Exercise goal | Find all lines below containing the string "Embroidery" and return them.

Provided data below:

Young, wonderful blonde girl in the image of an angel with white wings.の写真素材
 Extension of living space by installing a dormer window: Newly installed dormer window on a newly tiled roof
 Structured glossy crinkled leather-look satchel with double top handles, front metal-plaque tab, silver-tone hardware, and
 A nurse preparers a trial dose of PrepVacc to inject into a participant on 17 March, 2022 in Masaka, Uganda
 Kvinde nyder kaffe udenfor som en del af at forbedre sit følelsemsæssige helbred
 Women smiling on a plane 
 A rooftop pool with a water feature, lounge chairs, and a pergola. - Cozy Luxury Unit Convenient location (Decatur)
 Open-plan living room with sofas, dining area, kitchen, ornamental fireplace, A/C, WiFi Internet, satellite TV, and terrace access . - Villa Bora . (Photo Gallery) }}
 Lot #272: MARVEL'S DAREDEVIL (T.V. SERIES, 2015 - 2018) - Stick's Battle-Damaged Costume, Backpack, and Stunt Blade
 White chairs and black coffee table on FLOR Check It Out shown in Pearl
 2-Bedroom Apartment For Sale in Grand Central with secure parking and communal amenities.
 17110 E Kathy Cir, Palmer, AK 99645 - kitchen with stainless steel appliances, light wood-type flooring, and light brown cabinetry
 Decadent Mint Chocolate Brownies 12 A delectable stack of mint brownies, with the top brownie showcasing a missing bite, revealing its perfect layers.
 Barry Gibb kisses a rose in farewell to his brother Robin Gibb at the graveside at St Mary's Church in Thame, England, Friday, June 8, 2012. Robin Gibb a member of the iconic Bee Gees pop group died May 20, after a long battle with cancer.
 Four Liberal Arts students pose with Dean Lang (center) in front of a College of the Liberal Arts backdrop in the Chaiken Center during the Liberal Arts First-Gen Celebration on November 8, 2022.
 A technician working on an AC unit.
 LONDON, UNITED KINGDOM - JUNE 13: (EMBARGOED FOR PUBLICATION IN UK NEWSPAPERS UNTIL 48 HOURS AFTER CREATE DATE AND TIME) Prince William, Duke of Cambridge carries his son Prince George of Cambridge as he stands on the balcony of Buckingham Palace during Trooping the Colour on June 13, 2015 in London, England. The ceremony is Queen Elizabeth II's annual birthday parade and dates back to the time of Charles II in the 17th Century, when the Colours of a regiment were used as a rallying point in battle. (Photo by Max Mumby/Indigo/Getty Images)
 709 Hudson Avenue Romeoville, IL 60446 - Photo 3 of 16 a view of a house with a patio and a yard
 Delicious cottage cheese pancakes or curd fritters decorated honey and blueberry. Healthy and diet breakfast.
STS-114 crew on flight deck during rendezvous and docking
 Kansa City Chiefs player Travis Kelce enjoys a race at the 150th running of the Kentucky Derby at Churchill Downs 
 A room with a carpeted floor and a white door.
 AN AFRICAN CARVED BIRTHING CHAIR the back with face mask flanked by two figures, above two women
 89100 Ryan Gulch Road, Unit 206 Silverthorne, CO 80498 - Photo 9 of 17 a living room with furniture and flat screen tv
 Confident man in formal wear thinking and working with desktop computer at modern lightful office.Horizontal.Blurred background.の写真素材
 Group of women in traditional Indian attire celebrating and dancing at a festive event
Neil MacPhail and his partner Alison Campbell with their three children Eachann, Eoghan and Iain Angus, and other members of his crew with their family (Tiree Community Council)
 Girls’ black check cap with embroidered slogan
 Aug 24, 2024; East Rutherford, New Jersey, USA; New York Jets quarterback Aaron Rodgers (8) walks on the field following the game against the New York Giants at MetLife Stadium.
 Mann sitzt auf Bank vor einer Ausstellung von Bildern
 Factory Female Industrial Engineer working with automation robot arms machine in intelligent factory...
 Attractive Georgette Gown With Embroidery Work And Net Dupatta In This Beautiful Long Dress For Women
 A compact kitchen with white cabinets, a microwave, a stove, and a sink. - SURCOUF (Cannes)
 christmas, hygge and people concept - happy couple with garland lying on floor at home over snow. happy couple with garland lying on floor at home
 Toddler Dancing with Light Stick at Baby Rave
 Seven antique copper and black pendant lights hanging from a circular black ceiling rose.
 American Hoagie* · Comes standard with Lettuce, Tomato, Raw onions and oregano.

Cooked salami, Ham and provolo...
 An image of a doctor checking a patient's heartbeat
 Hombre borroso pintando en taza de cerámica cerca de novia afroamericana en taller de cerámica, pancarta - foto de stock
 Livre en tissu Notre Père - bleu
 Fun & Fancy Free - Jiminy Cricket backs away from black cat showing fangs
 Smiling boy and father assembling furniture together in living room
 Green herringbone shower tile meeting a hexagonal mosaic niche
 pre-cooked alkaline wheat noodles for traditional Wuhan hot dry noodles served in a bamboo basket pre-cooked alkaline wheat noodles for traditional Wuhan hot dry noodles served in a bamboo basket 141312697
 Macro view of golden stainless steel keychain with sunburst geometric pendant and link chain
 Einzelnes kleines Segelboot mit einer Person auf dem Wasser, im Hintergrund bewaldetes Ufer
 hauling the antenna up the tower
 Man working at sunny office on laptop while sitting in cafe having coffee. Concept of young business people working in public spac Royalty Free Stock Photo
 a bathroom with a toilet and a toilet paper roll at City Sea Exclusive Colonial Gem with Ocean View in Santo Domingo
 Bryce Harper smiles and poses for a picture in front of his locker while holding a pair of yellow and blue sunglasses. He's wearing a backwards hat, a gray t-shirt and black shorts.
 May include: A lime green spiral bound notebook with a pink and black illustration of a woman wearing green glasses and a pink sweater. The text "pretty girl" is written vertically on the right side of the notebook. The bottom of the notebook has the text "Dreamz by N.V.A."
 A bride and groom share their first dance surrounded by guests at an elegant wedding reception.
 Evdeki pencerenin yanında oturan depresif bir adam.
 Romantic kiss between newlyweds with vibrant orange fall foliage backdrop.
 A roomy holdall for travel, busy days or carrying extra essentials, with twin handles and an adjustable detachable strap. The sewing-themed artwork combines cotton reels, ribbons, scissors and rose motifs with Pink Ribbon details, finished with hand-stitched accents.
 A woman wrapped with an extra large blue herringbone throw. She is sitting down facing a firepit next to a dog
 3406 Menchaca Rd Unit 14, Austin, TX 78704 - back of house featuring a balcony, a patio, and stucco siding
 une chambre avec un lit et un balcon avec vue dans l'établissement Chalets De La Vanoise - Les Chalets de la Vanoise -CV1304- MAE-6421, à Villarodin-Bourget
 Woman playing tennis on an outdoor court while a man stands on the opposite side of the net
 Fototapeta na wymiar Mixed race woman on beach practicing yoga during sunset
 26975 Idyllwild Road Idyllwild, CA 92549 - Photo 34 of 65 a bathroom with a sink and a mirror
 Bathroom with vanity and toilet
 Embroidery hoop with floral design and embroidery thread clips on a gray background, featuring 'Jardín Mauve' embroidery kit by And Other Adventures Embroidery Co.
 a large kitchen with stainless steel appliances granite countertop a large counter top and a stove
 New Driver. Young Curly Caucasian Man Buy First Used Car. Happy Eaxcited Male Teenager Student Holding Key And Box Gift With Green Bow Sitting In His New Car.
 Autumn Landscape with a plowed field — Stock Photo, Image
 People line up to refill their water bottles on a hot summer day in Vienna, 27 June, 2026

End of Provided data.

Task solution |
 Attractive Georgette Gown With Embroidery Work And Net Dupatta In This Beautiful Long Dress For Women
 Embroidery hoop with floral design and embroidery thread clips on a gray background, featuring 'Jardín Mauve' embroidery kit by And Other Adventures Embroidery Co.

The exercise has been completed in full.